I just recently made the transition from hunting down materials every time I started weaving something new, to having my own stash. And I have no room for it either - I have a stack of three boxes sitting over in a corner and a pile of several more cones in another corner by my loom. Not the nicest looking method, but... one does what one has to do!

I can handle harp tuning (and I have a concert grand pedal harp - so it has the largest number of string you're going to find on one!) but I'm not so sure about piano tuning! That does sound like an adventure.

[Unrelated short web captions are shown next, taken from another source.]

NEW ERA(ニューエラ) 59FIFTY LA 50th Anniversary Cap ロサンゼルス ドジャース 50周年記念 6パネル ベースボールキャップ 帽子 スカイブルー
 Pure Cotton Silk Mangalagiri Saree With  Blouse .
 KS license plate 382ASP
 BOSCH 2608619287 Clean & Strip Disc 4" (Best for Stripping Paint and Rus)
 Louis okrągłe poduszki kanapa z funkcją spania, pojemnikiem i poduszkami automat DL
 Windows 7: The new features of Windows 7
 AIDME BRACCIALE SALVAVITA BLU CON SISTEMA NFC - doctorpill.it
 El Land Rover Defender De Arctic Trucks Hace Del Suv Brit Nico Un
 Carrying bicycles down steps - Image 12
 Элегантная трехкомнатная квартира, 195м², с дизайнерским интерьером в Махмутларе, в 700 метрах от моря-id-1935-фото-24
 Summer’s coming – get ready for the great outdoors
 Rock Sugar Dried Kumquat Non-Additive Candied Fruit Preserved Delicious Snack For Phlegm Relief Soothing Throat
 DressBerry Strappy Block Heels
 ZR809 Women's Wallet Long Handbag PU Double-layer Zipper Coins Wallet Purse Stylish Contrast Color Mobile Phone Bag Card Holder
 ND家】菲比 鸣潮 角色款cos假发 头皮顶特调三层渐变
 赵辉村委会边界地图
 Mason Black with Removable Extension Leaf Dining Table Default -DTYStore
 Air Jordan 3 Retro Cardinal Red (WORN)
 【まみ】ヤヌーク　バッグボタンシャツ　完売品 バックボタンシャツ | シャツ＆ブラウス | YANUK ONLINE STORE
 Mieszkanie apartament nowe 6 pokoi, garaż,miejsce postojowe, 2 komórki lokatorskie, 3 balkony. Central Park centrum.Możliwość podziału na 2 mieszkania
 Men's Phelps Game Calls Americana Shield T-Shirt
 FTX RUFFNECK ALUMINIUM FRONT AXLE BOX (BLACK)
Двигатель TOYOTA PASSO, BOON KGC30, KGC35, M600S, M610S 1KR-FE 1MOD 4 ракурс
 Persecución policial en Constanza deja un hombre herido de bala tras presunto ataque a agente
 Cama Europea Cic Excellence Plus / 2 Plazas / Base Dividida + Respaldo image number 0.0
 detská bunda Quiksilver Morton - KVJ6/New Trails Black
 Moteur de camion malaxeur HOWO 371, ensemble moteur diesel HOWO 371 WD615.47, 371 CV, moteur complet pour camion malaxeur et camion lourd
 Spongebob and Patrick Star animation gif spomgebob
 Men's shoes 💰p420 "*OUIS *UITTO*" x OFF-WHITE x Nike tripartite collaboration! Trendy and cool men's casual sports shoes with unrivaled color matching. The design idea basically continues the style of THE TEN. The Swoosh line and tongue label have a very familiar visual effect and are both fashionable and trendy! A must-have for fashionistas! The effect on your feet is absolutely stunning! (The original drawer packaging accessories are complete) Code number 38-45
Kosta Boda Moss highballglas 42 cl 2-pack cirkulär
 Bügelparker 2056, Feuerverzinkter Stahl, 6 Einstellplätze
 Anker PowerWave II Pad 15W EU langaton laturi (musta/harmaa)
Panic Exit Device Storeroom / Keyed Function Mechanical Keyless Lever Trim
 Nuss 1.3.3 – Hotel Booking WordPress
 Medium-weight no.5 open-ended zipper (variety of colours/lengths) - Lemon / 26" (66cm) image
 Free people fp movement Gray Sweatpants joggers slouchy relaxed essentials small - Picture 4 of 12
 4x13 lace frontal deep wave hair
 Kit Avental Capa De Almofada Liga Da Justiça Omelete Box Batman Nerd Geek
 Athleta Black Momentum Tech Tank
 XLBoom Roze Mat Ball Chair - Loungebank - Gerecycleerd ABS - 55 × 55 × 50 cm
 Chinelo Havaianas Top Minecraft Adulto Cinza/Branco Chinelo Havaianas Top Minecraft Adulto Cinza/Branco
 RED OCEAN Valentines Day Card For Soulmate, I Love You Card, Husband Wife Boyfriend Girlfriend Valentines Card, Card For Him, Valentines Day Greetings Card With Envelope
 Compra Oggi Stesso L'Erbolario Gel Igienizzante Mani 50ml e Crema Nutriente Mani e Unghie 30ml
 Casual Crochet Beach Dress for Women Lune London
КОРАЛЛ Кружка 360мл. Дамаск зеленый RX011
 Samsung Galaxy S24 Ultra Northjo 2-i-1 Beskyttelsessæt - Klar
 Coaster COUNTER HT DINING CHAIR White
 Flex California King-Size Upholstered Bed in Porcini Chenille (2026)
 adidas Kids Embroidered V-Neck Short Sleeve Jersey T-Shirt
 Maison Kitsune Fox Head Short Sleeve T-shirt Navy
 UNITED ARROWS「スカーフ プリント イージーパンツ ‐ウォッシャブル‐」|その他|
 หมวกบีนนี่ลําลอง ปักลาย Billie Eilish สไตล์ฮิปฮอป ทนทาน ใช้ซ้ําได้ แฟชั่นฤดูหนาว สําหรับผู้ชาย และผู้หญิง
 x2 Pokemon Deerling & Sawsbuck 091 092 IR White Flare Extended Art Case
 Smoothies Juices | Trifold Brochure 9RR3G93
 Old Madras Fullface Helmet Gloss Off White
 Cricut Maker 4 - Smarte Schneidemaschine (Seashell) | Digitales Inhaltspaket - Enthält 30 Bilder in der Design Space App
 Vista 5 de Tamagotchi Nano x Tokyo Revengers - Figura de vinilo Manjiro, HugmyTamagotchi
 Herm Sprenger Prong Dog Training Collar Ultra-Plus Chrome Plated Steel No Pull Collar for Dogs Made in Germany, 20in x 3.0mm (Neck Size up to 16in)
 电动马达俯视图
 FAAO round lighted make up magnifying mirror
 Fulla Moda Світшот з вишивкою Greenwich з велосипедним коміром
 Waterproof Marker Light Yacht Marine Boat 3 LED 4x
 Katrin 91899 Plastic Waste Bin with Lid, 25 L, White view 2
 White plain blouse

Your wedge weave is coming along so nicely!

KaiteM. said...

uh oh, it sounds like you have the beginnings of a terrible virus Jenn, the yarn stash virus!!! The little hallway leading to my sewing room has floor to my height boxes filled with knitting yarn, some that i've had for over 15 years or more, then i have a whole set of drawers, 90cm wide, shoulder height, filled with weaving yarns, then there is all the telstra wire in bundles in the garage. I could go on but i daren't. I love it all dearly and i have no intention of giving it away because 'someday' i just might need the very bit i have given away!!!
If you are doing renovations then make extra room, more than you could imagine, for your stash ;}
K.

J. Austin - said...

AHA! Time to plan LOTS of storage! I have a collection of large plastic jars, left over from my sister's pretzel addiction. I like to keep smallish samples of my yarns in these so I can see them. I also have an old cedar chest full of Paternayan I have collected over the years. And shelves full of cones. And closets full of plastic storage boxes. I almost never buy yarn for a project. I have SOOO much.

charlotte said...

I am really impressed by your piano tuning - for me it's hard enough to tune the violin, especially the small sizes, quarter and eigth violins! This way to donate leftover yarn is a great idea. I like your wedge weave, it looks like it requires a lot of patience!

Jennifer said...

You all are scaring me!!!! Even with the renovation ongoing - ample storage that I can forsee will require adding on! Remember the house only has one closet!!!

I wonder what forcing myself to only use what fils a particular space would do to my creativity - stifle it or widen it!

I do love the idea of having yarn and letting it lead me into what project I do, but I can also see myself in the reverse.

Tuning the piano does take some perseverence, but also some upper body strength - these are are wire strings and the friction on the pins is rather tight - even more than strength is control since it's really a very slight movement to get the one string in tune! We'll see what I think when I finish!

Theresa said...

Jennifer,

Thank you for your generous donation! I hope the yarn inspires something wonderful. I have a fair amount of yarn, and some things that work well for storage for me, are chests esp. the cedar ones, the back of the doors with those shoe hangers stuffed with yarn, baskets of course. Hmm, I bet you could fit a lot of yarn in that piano!!! ;-) I'm awed at you trying tuning. I had fits at times tuning my bass and that's only 4 strings.

Jennifer said...

I'm loving hearing about other's instruments - and that they all involve strings - I've been told I must have a string thing, but it looks like I'm not the only one!

KaiteM. said...

Jenn, you'll need at least another closet for the yarns. And the good news is, the pathology is clear, she's doing just fine - woohoo!! Stitches out next Thursday. Thanks for asking. K.